There's nothing wrong that with in theory. But when it reaches proportions like this, where all people see are differences because they forget how to see similarities, then yes, there is a problem. Elizabeth Moon complains that all these pesky foreigners don't blend in enough as to become invisible, and that makes them bad. She doesn't see the ways that they do blend in, that they did change and adapt to their surroundings and circumstances. She's looking at what's leftover, declaring it different, and declaring it bad.

But in a multicultural society like ours--and it has been multi-cultural from its inception--citizens need to go beyond nature. That includes those who by their history find it least comfortable.

She's referring to non-Americans when she says this. She doesn't seem to make allowances for the fact that multi-cultural means "many cultures", which boils down to many different groups of people expressing aspects of their native culture.

Citizens need to go beyond nature. They need to stop being so paranoid of outsiders, as she mentioned is human nature a few paragraphs ago in her post.

Whether a group changes its core behaviors and values after immigration or not, it must--to be assimilated later--come to understand the culture into which it has moved. To get along, it must try not to do those things which will, sure as eggs is eggs, create friction, distrust, and dislike. (Emphasis mine)

Hear that? If you're different, stop it. Do your level best to be the same as everybody else.

*sigh* You know, one of the reasons that people fear and dislike and distrust strange things is that they're not used to them. Give a child a new food and they're almost certain not to like it, whether or not they've even tried it before. It's the same, sadly, with adults who have grown up and ought to know better. But the way to promote understanding and familiarity is not to hide those things that make us different. It's to accept them, to express them, to teach people about them. It isn't to lock them up in a closet and pretend they don't exist.

With attitudes like this, it's often no wonder that ethnic groups tend to segregate themselves when emmigrating. The culture they move to claims to greet them with open arms, but then in the next breath turns around and tells them that they have to get assimilated as quickly as possible so that their differences don't make anybody else uncomfortable. (What happened to life being everybody's bowl of cherries, huh?) In order to be themselves, to express themselves and bit of the familiar culture they came from, what choice do they have but to create pocket groups in which they're more likely to be accepted?

A group must grasp that if its non-immigrant members somewhere else are causing people a lot of grief (hijacking planes and cruise ships, blowing up embassies, etc.) it is going to have a harder row to hoe for awhile, and it would be prudent (another citizenly virtue) to a) speak out against such things without making excuses for them and b) otherwise avoid doing those things likely to cause offence.

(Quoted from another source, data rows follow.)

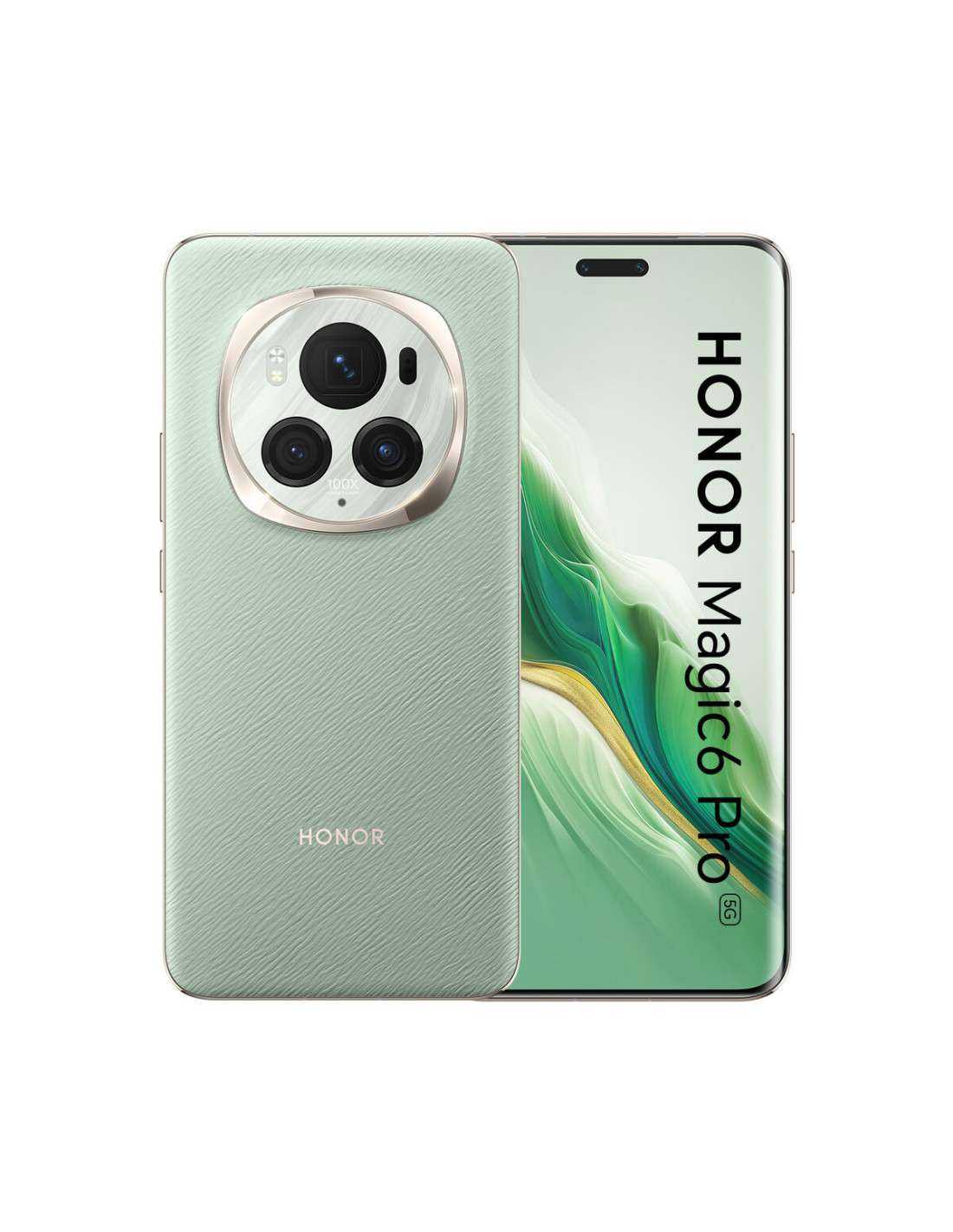 HONOR Magic 6 Pro – Premium Flagship Smartphone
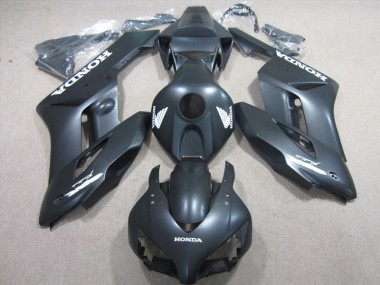 Carénage de Rechange CBR 1000 RR 04-05 - Noir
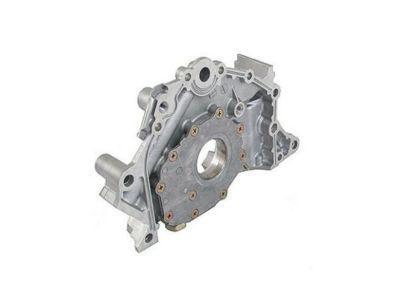 Toyota 15100-0F010 Oil Pump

I'm guessing she's ignoring the large groups of Muslim-Americans who did speak out against those attacks.

Also, I don't see America taking its fingers out of all the world's pies because they're offending people elsewhere. Nope, I quite often see America go, "Well fuck you, we'll do what we want, because we can."

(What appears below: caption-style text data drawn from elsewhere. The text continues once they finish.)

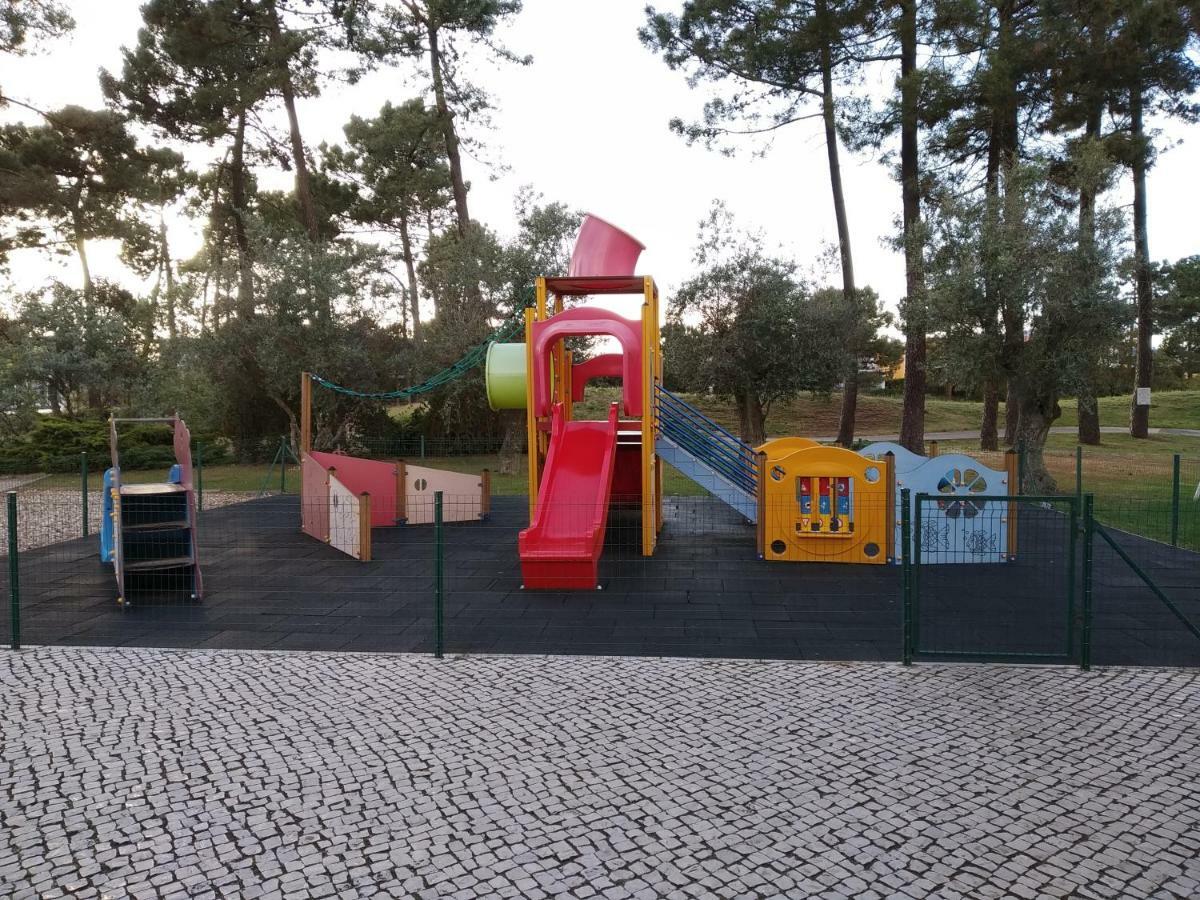 APP Apartamento Palmela Village Exterior foto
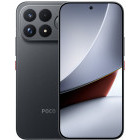 Smartphone Xiaomi Poco F9 Ultra, 512GB, 16GB RAM, Dual SIM, 4-Camere, Black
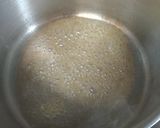 Csicseriborsós csirkeragu recept fázis 2 fotója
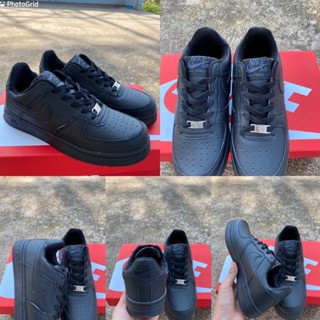 📢รองเท้า Force 1 AF1 Shoes Sneaker ✅  มีผู้หญิงและผู้ชาย36…45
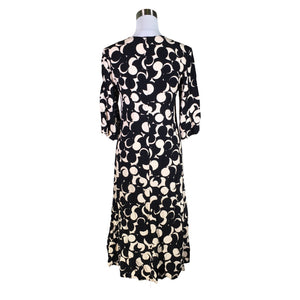 Unisex Marimekko - Sifonkimekko, koko 36 -  (2)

It's a lot to ask that because some radical extremists from your religion blew up some buildings and acted like cocktards, for you to no longer wear a hijab in public or, heaven forbid, construct a community centre where you can be yourselves in private. There are people who object to Islam's very existence! Does that mean all Muslims should convert, immediately, as a protest to a bunch of jackasses? Even if their religion brings them comfort and is doing nobody any harm.

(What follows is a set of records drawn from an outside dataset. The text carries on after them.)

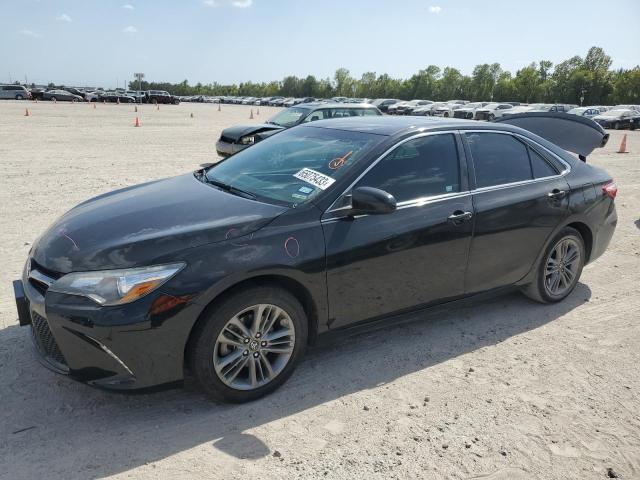 TOYOTA CAMRY LE 2017 4t1bf1fk6hu306576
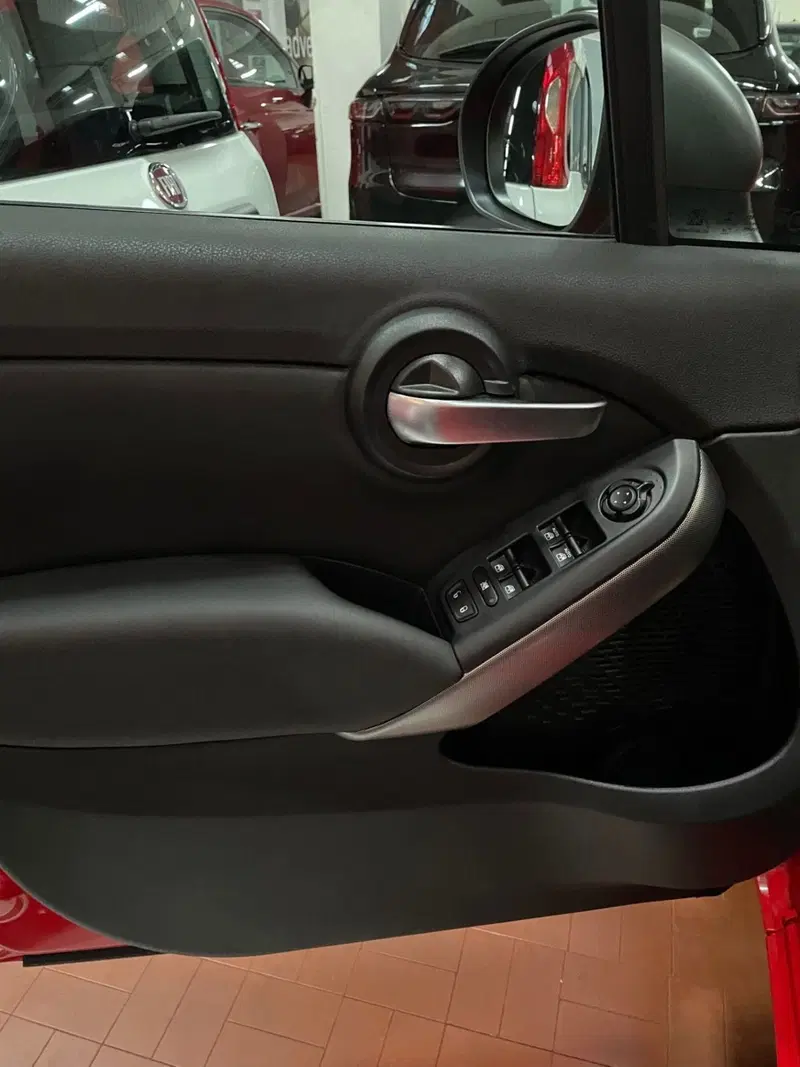 Fiat 500X usata a Lucca (13)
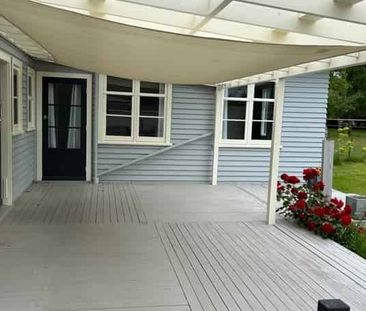Greytown 3 Bedroom - Photo 4
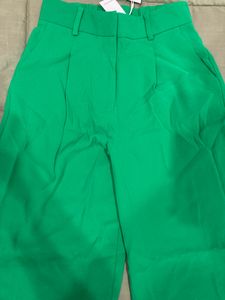 Forever New PRIMROSE HIGHWAISTED WIDELEG PANTS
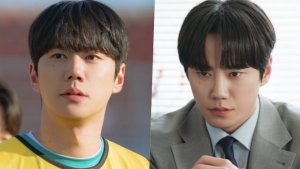 Lee Jun Young's soccer dreams take a drastic turn after soul swap in 'Reborn Rookie'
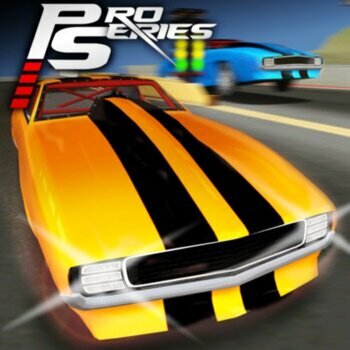 [ARM64] Pro Series Drag Racing Cheats (All Versions) +2
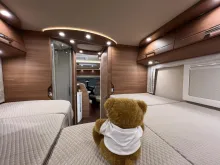 Fahrzeugbild Carthago chic c-line T 4.9 LE (558) #28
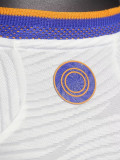 2021-22 RMA Home Player Version Soccer Jersey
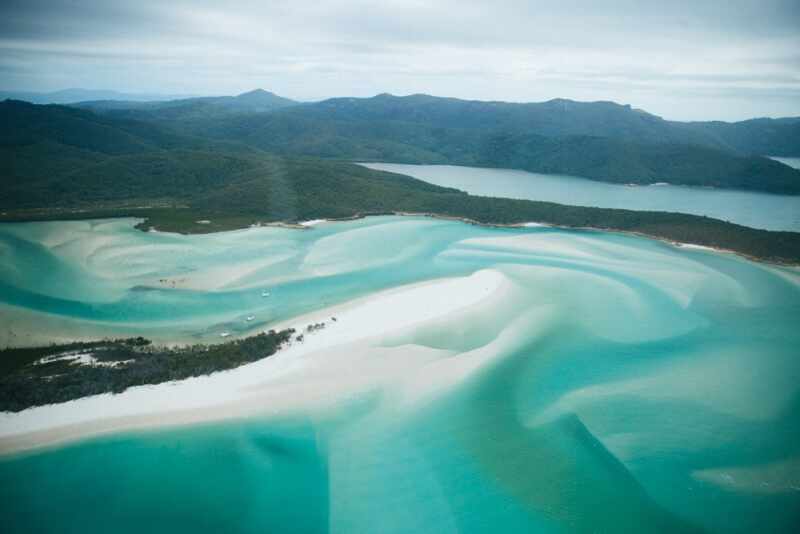 Whitehaven beach Australia-58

Daniel in the lion's den... Does anyone else see the similarities?

When an Islamic group decided to build a memorial center at/near the site of the 9/11 attack, they should have been able to predict that this would upset a lot of people.

At or near. I wonder if she knows which. It's not at. It's relatively near, but to claim that something five blocks away is an offense is like saying that nothing can ever be there again because it's an offense. Put a new Starbucks in that radius and it's offensive because it implies the commercialization of the event.

Oh wait, Starbucks is American, so it must be okay. *facepalm*

Also, still not a memorial site. Community centre. Big difference.

Not only were the attackers Islamic--and not only did the Islamic world in general show indecent glee about the attack, but this was only the last of many attacks on citizens and installations of this country which Islamic groups proudly claimed credit for.

The Islamic world... That's a very broad term. Are we talking about the extremist groups that orchetrated the attacks? Or are we talking about every single Muslim across the entire world, regardless of skin colour, country of origin, country of residence, or language spoken. Because it seems to me that a lot of Muslims were fucking appalled by what happened.

Sadly, there were people who thought that what happened was awesome, who condone the attacks, who gleefully rewatched videos of dying people as the buildings crumbled. But that was hardly everyone. That was a minority of Muslims. You cannot say that the general majority acted in accordance with a minority group when they didn't.

This is like saying that all Christian sects are mysogynistic and cruel in their treatment of homosexuals. This is true for some, but not for all. But sadly, the minority often gets painted as the majority because they're so damn loud about it.

That some Muslims died in the attacks is immaterial[...]

Yes, she went there. She really fucking went there.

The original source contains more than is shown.